= John Pullain =

English churchman and poet

John Pullain (1517–1565) was an English churchman, a reformer and poet, Marian exile and Geneva Bible translator.

==Life==
A native of Yorkshire, he was educated at New College, Oxford. He graduated there B.A. in 1540 and M.A. in February 1544. In 1547 he was admitted senior student of Christ Church. He made some reputation as a writer of Latin and English poetry, and became a frequent preacher and a reformer. On 7 January 1553, being then B.D., he was admitted to the rectory of St. Peter's, Cornhill, but was deprived of it on Queen Mary's accession; he then for a time preached secretly in the parish.

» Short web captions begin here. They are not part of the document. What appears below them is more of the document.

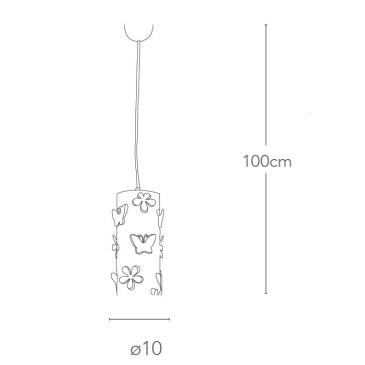 Pendente a Filo Butterfly con Paralume in acciaio Fiori e Farfalle Intagliati a Laser Fan Europe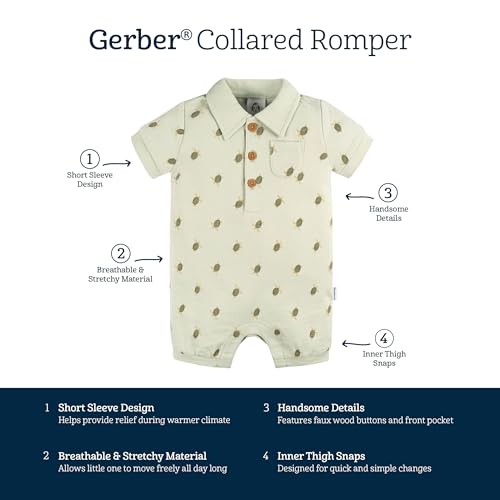 Image of Gerber Baby Short Sleeve Romper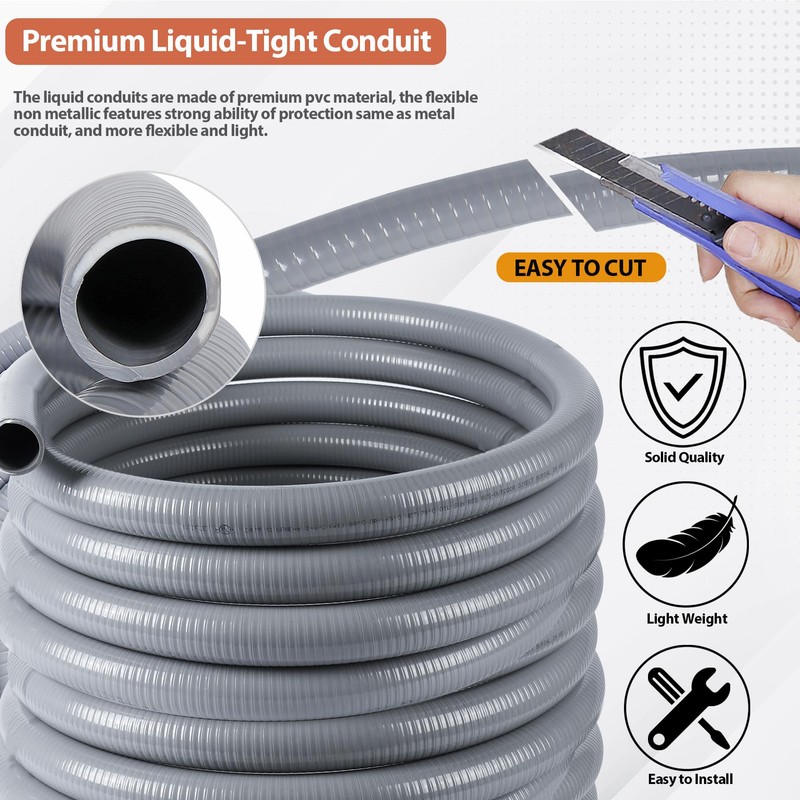 Neorexon Liquid-Tight Conduit 1-1/4 inch 25ft, Electrical Conduit w/UL Certification,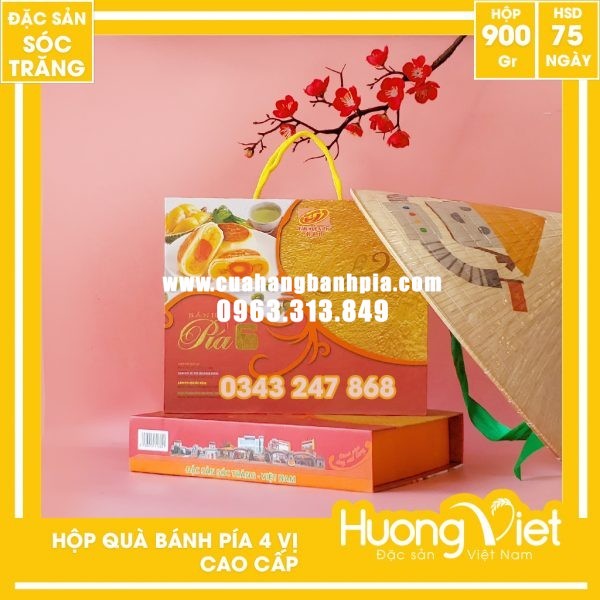 Hộp quà bánh pía 6 sao 4 vị Tân Huê Viên 600g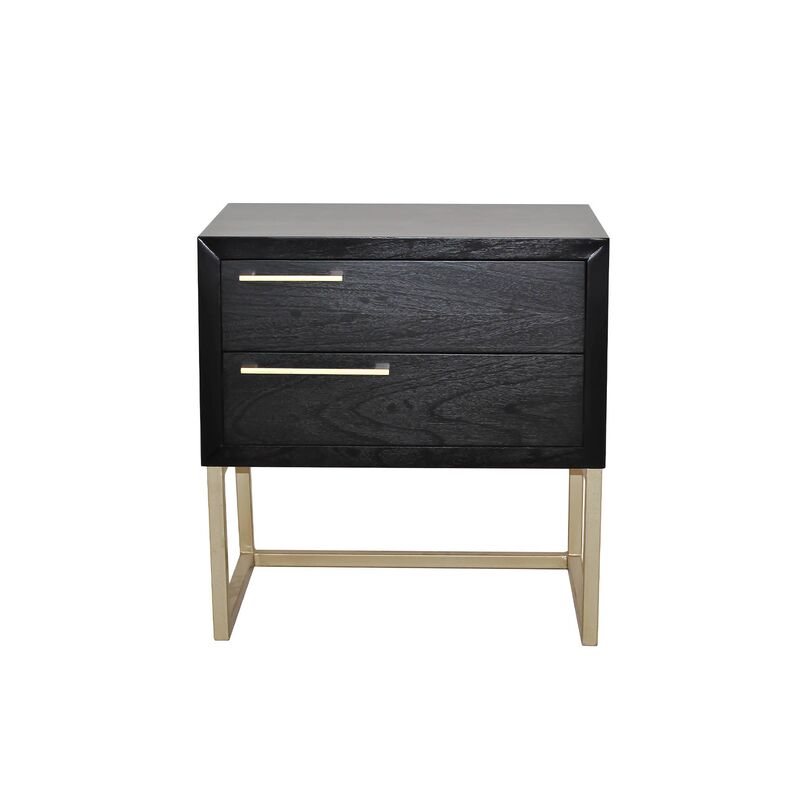Mika Wood Pedestal With Gold Frame & Handles-Black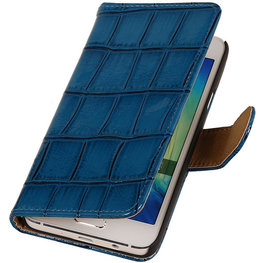 Blauw Croco Hoesje voor Samsung Galaxy Core 2 Book/Wallet Case/Cover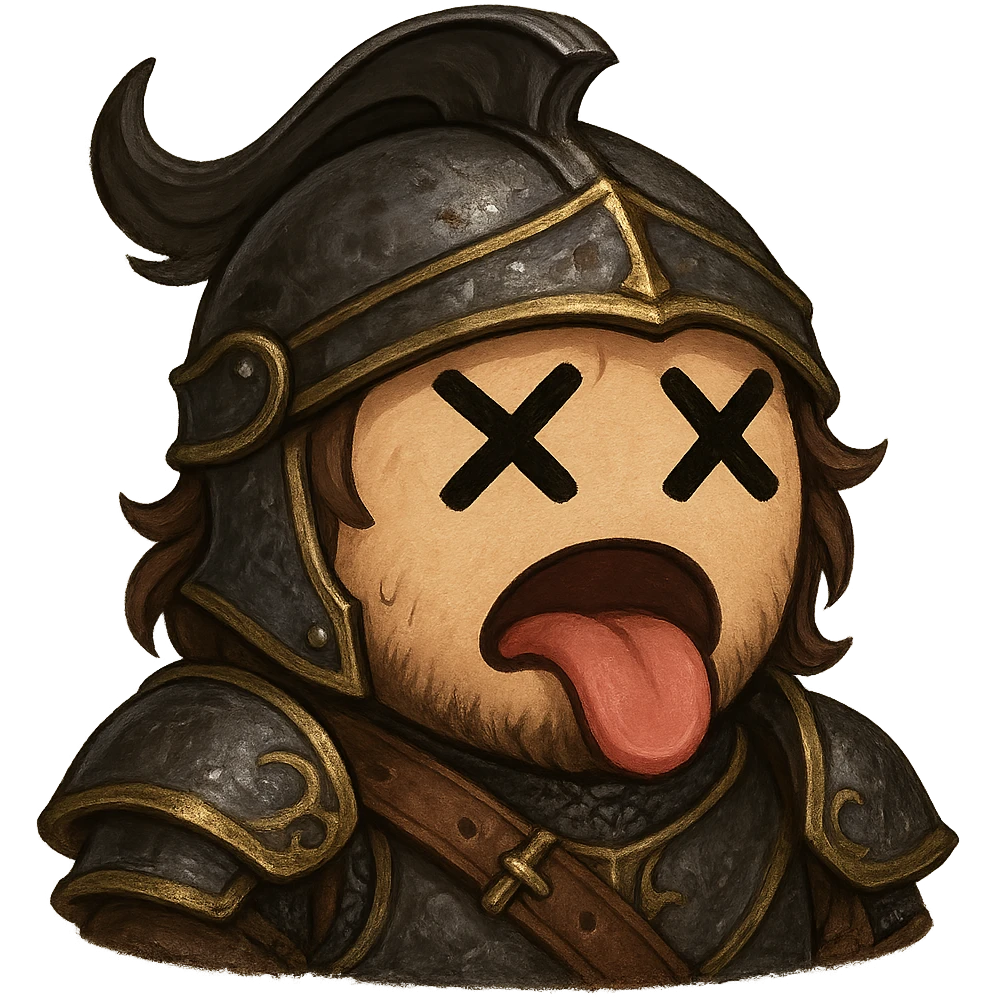 Black Desert Online inspired emoji of a dead character, stylized to match the game's fantasy MMO aesthetic, with expressive features and a humorous touch emoji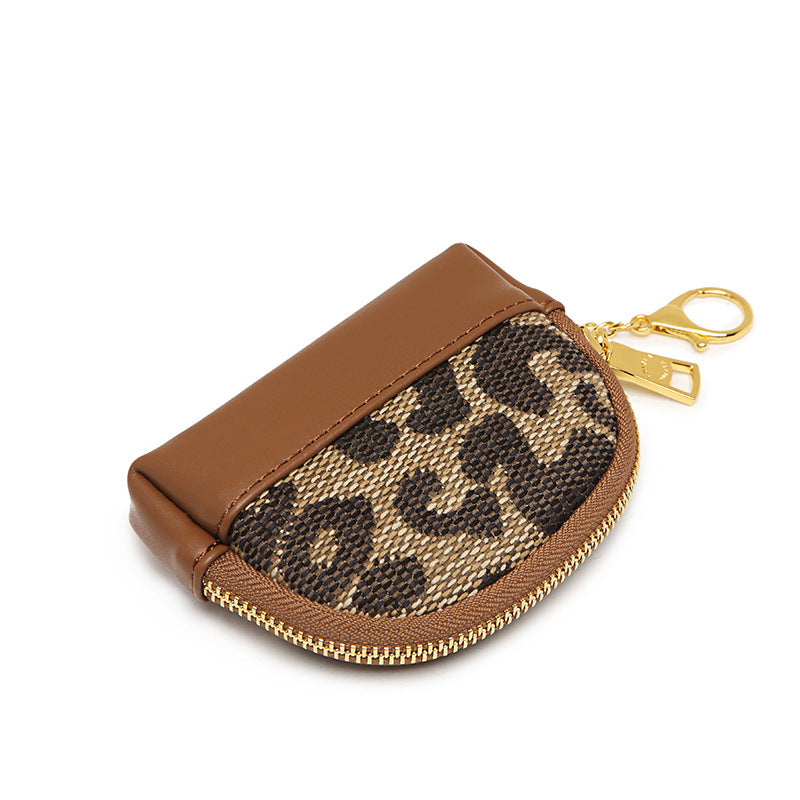 2025秋冬季口红零钱包批发欧美复古豹纹贝壳包小众精致迷你硬币包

He joined friends in Geneva in 1554, and co-operated in the Genevan translation of the Bible. In 1557 he was secretly in England under the name of Smith, acted as chaplain to the Duchess of Suffolk, and held services at Colchester as well as in Cornhill. Stephen Morris laid an information against him before Bishop Edmund Bonner; he escaped again to Geneva, and was there on 15 December 1558, when he signed the letter of the Genevan exile church to other English churches on the continent, recommending reconciliation.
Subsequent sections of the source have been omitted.